=== Exercise materials ===

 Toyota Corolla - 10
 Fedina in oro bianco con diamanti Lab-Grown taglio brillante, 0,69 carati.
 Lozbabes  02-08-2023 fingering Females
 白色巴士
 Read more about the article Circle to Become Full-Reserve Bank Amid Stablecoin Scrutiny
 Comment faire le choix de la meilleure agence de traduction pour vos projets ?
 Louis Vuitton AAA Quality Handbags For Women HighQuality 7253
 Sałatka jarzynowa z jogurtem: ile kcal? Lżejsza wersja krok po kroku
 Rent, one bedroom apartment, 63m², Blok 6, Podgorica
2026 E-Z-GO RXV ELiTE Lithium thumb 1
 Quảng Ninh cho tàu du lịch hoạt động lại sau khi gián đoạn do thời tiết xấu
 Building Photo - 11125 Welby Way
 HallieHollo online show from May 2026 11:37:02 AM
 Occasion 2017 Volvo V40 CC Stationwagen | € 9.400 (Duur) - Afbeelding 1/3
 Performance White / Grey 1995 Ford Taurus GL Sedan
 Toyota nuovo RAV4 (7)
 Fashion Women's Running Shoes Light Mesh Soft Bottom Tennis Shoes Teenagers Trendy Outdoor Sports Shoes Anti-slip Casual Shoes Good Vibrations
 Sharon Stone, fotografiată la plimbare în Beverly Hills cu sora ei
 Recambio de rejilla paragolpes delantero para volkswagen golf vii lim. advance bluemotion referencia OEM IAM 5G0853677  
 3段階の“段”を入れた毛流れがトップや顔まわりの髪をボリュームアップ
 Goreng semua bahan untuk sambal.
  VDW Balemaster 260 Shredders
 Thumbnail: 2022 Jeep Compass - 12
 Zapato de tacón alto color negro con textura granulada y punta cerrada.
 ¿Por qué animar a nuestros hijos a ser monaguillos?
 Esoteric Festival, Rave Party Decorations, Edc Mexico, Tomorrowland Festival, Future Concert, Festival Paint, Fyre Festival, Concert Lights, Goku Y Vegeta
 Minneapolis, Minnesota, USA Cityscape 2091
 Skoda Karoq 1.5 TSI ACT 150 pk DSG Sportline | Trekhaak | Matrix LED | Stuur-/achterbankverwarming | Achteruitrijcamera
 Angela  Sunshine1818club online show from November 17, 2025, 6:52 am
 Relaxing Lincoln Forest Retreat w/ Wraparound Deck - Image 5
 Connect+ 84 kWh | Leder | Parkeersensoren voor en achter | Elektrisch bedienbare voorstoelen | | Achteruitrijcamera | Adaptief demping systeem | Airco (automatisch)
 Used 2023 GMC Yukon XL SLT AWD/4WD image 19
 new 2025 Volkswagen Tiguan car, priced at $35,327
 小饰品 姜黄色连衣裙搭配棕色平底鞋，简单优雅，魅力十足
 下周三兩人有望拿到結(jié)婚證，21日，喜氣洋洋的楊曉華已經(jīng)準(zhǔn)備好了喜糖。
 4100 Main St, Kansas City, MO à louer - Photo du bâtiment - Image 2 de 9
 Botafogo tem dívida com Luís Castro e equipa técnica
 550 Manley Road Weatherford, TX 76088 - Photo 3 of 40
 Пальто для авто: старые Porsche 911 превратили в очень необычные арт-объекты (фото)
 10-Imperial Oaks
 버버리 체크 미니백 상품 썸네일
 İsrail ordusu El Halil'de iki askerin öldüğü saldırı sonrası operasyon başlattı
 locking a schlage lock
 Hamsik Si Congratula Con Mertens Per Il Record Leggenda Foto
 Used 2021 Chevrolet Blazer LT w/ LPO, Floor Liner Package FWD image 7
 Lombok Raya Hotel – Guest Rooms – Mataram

===

For every line of the material above that contains the word "online", show the line.

 HallieHollo online show from May 2026 11:37:02 AM
 Angela  Sunshine1818club online show from November 17, 2025, 6:52 am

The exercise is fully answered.